— INSTRUCTIONS FOR THE TASK —
Nothing but the lines from the top of the data to the line holding "ミー イッセイミヤケ me ISSEY MIYAKE カリフラワー シワ加工" should be printed, word for word and both ends included; leave the pictures out.

— DATASET RECORDS —
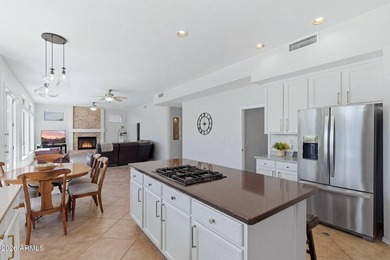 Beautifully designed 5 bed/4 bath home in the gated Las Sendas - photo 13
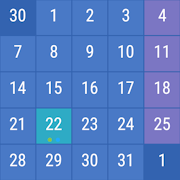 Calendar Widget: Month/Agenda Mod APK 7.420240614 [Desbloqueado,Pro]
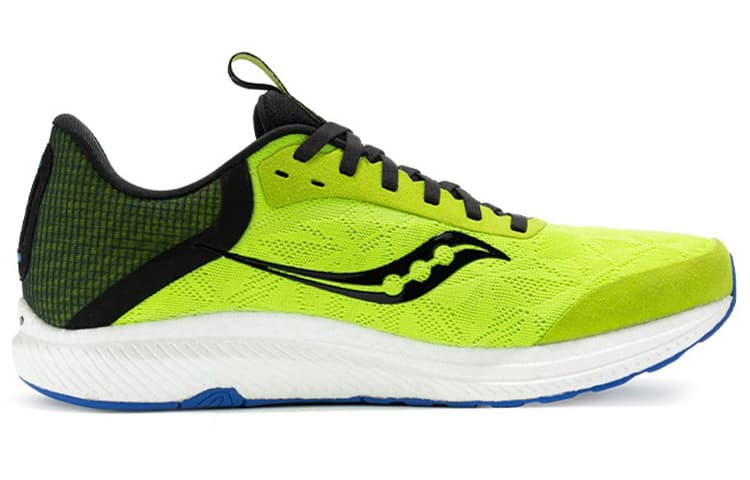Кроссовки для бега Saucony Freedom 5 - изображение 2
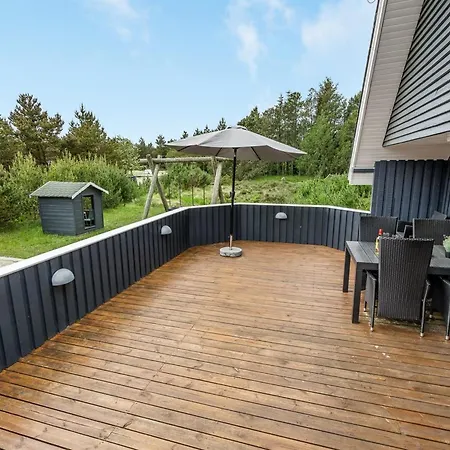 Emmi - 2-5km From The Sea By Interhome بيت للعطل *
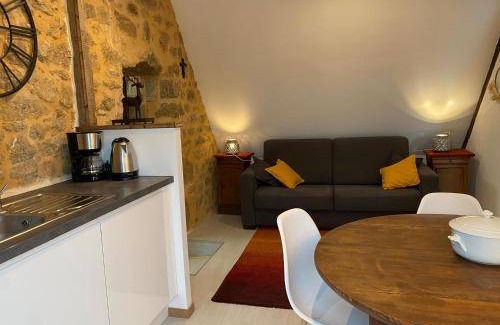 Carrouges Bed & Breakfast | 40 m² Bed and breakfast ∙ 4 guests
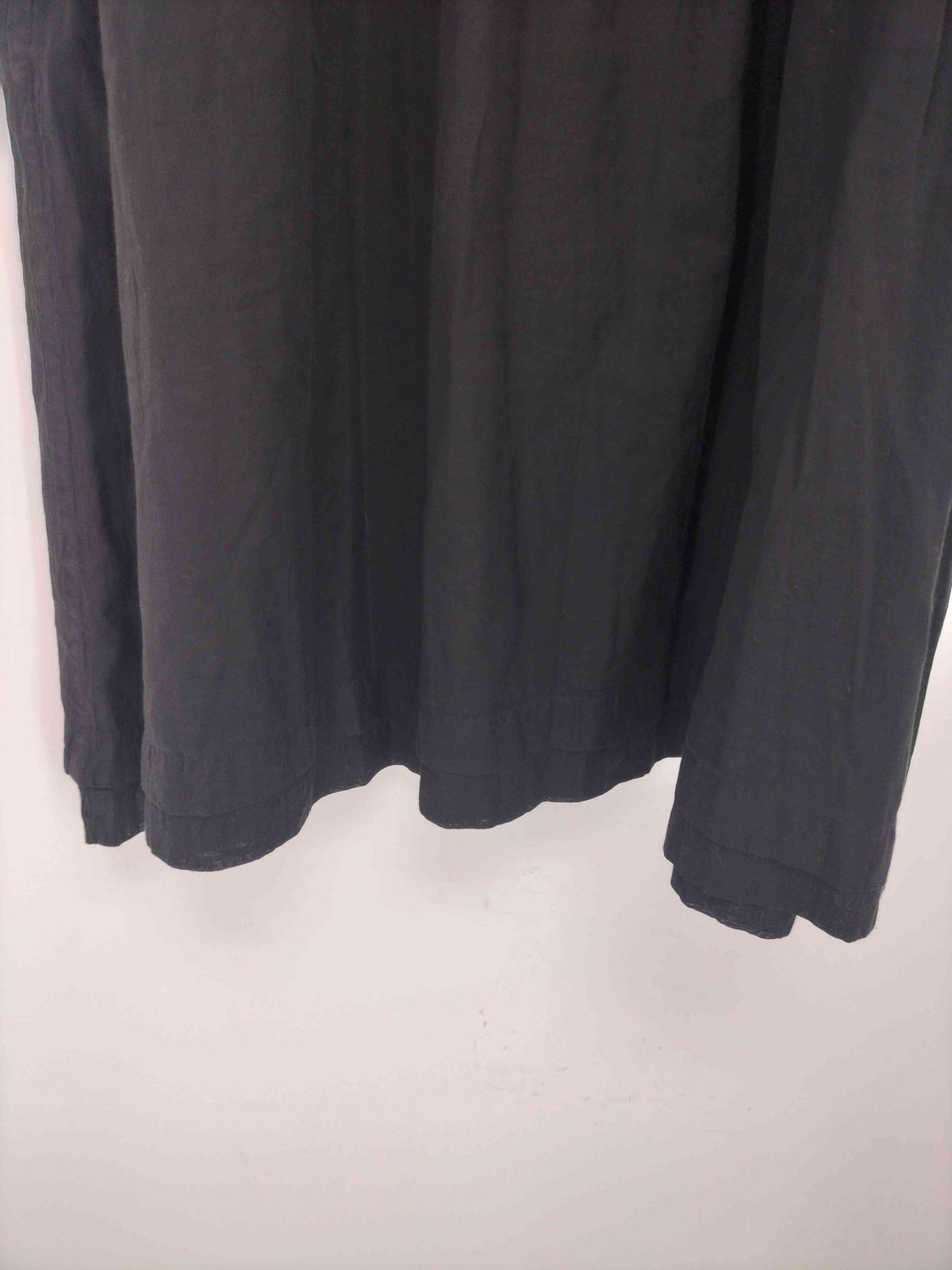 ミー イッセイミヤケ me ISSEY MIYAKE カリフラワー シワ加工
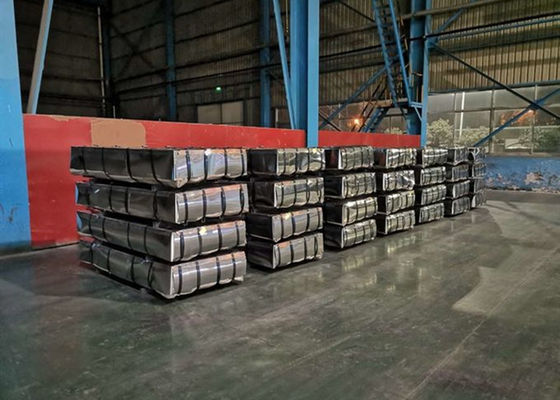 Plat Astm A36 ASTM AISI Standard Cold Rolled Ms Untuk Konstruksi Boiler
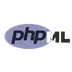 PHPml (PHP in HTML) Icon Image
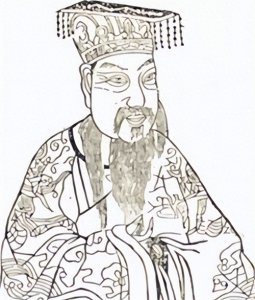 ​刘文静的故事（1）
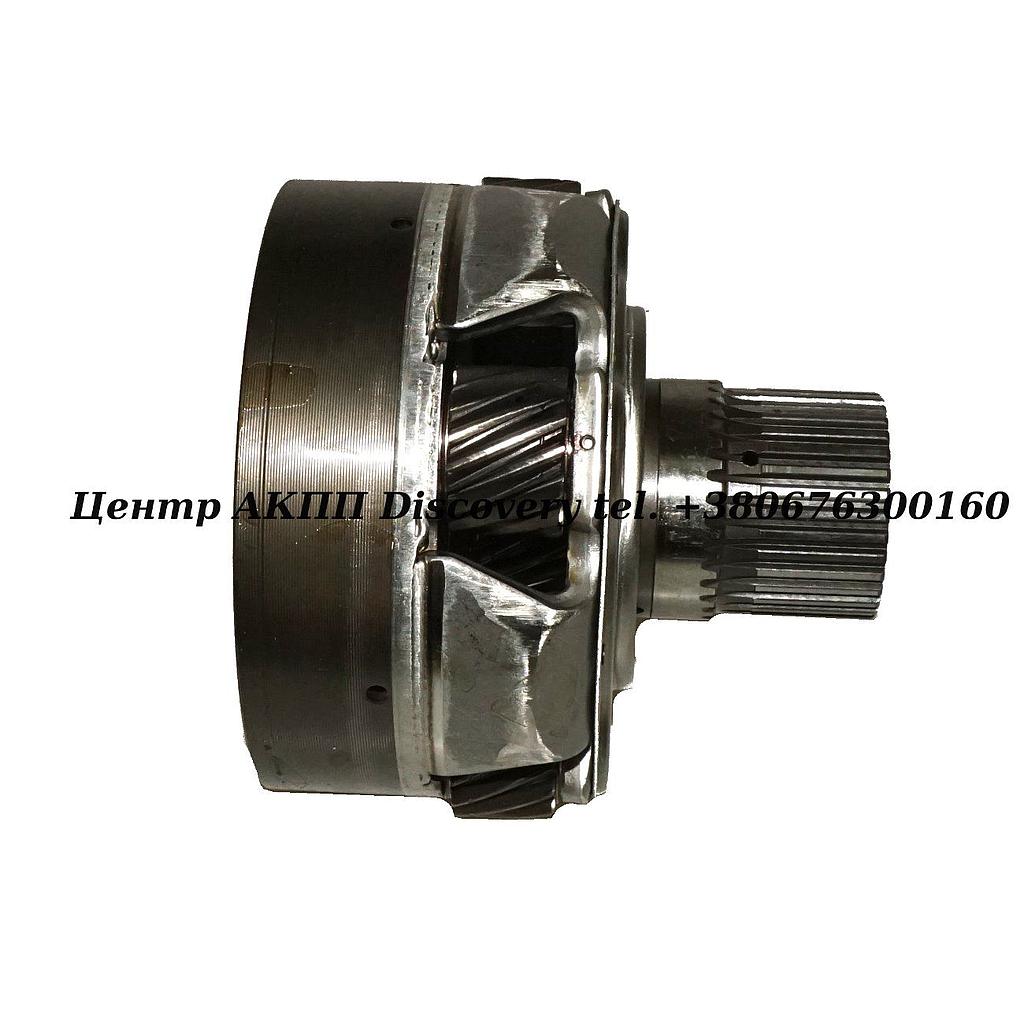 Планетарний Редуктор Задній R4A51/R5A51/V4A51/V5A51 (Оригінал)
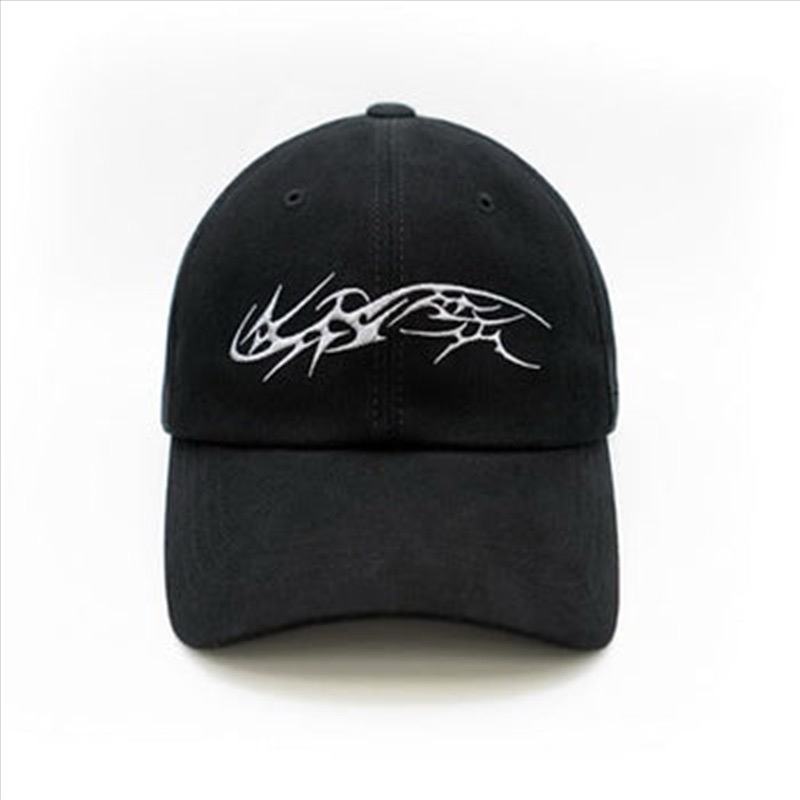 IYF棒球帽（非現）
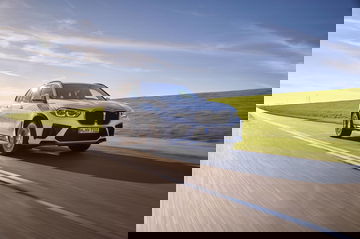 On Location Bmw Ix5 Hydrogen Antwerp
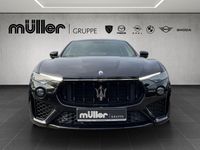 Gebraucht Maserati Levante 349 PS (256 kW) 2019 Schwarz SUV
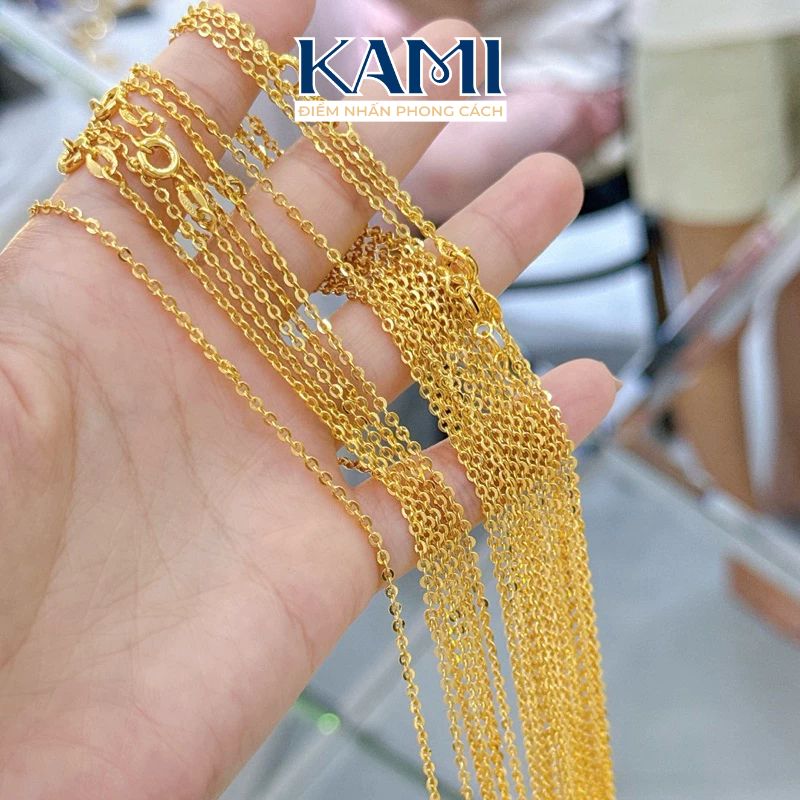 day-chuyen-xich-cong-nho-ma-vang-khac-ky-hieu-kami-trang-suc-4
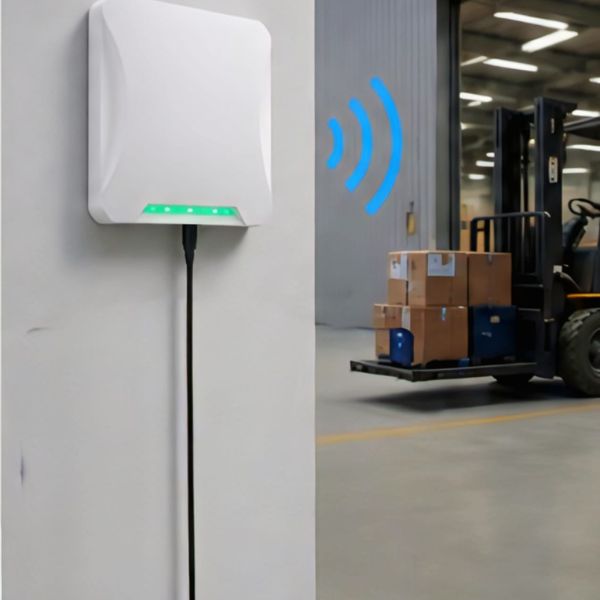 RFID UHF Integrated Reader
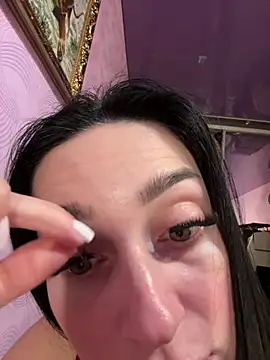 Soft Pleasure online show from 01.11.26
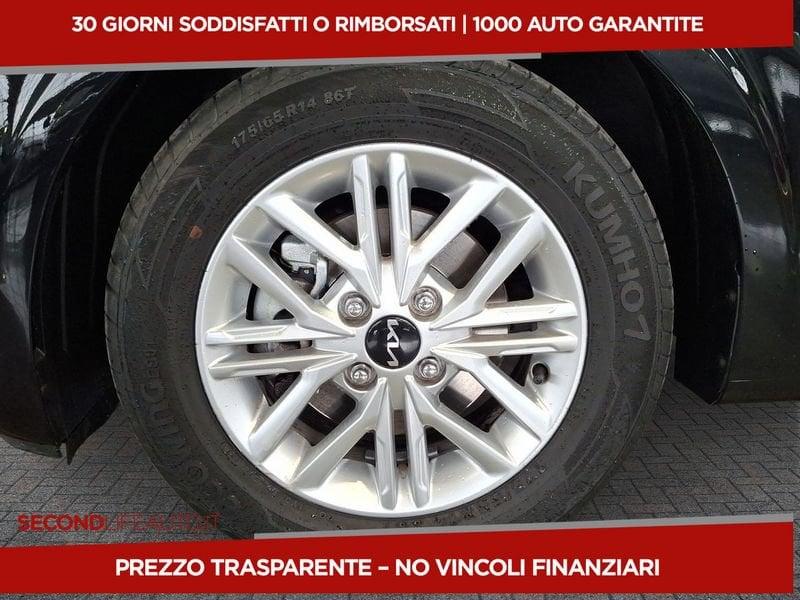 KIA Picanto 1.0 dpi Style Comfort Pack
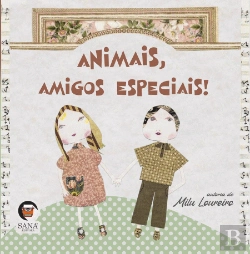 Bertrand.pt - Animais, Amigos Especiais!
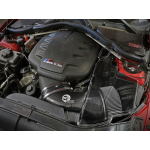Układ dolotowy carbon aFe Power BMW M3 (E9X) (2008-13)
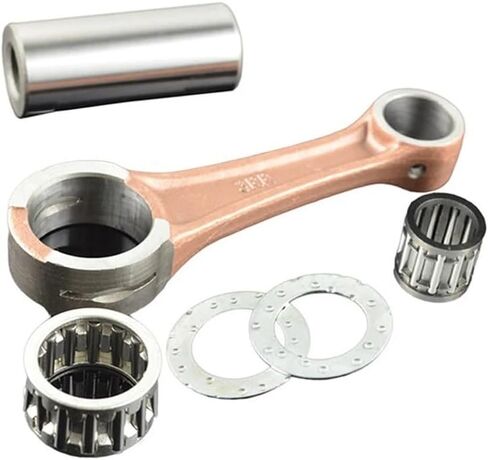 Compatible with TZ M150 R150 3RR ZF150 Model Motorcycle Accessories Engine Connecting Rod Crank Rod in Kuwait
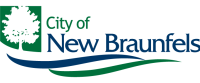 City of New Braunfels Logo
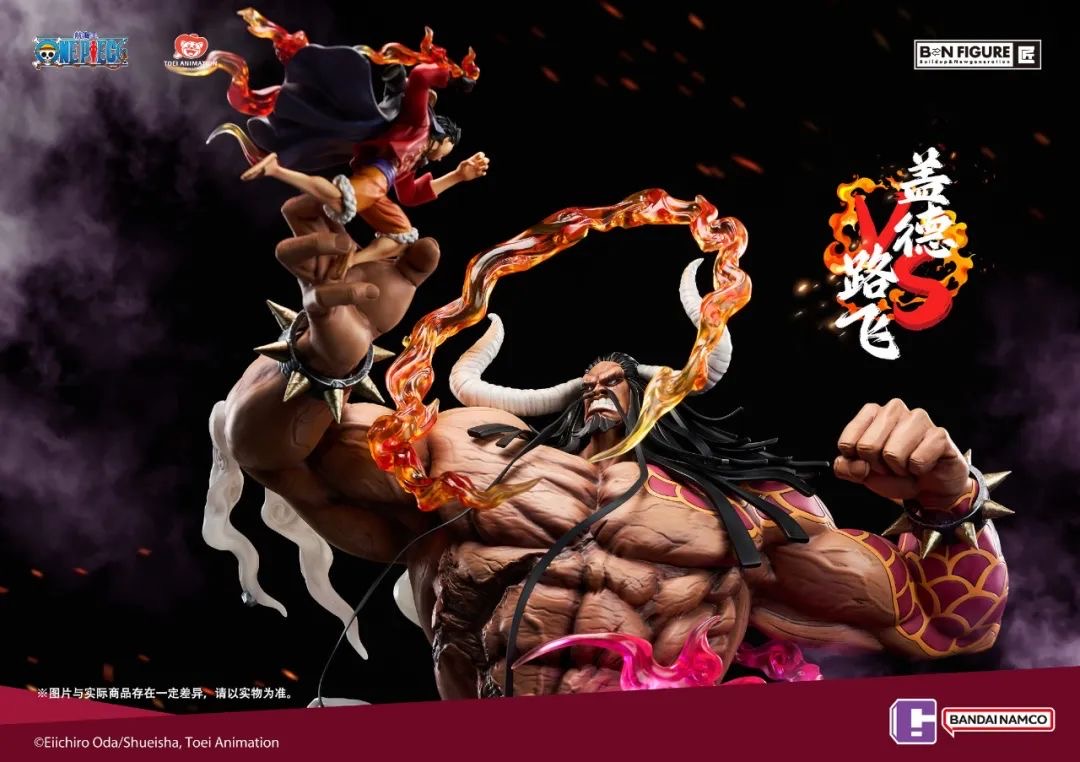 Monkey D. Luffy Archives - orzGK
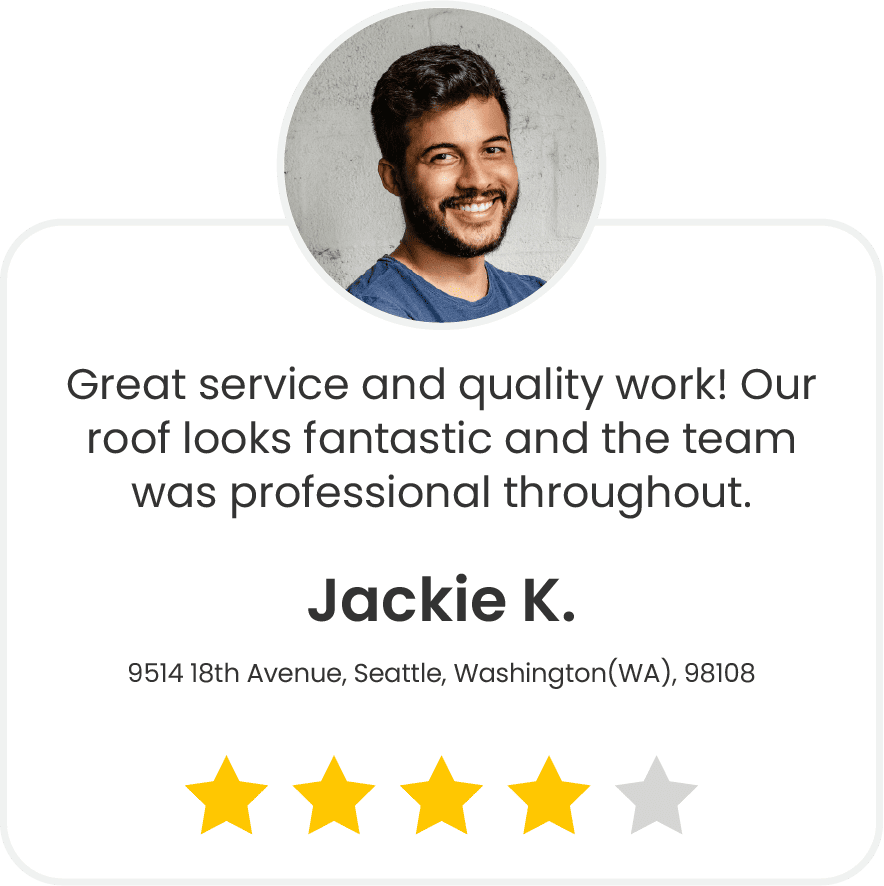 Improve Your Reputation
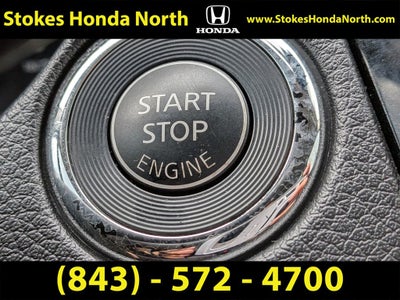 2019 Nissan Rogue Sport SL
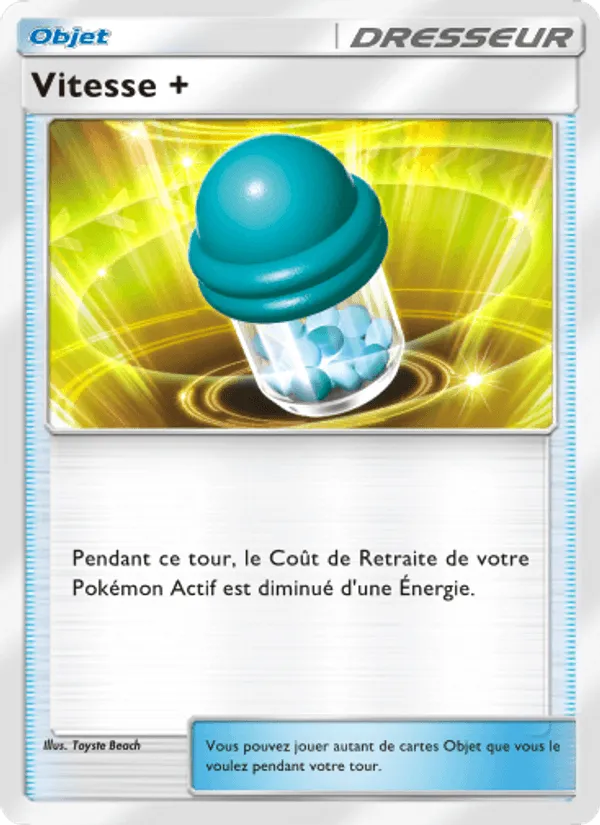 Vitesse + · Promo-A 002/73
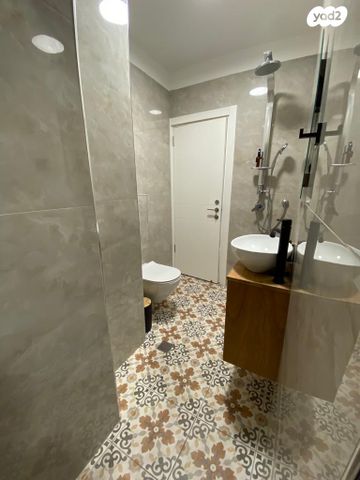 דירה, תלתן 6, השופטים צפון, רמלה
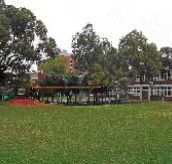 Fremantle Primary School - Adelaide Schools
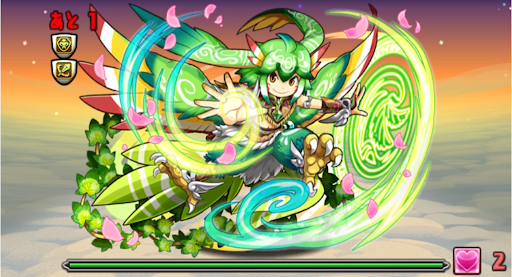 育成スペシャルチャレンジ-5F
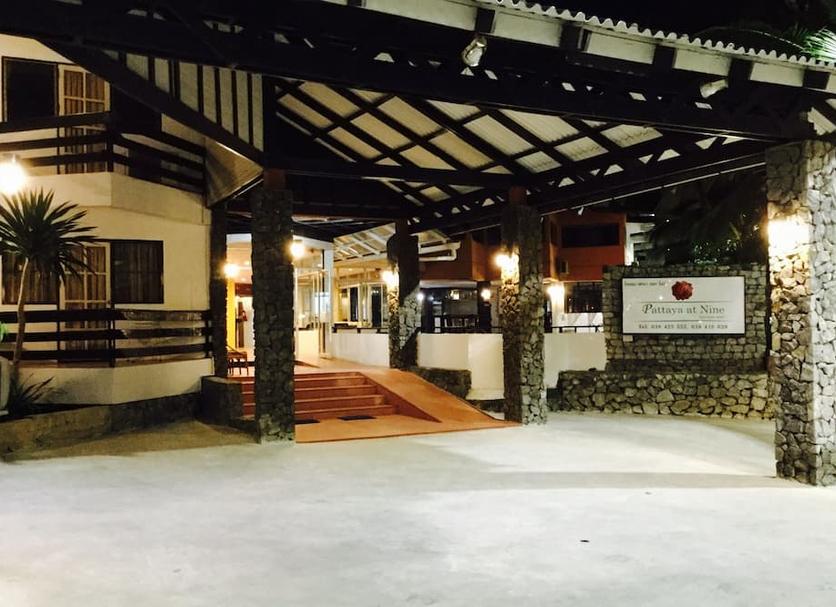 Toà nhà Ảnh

— SOLVED EXERCISE —
 Beautifully designed 5 bed/4 bath home in the gated Las Sendas - photo 13
 Calendar Widget: Month/Agenda Mod APK 7.420240614 [Desbloqueado,Pro]
Кроссовки для бега Saucony Freedom 5 - изображение 2
 Emmi - 2-5km From The Sea By Interhome بيت للعطل *
 Carrouges Bed & Breakfast | 40 m² Bed and breakfast ∙ 4 guests
 ミー イッセイミヤケ me ISSEY MIYAKE カリフラワー シワ加工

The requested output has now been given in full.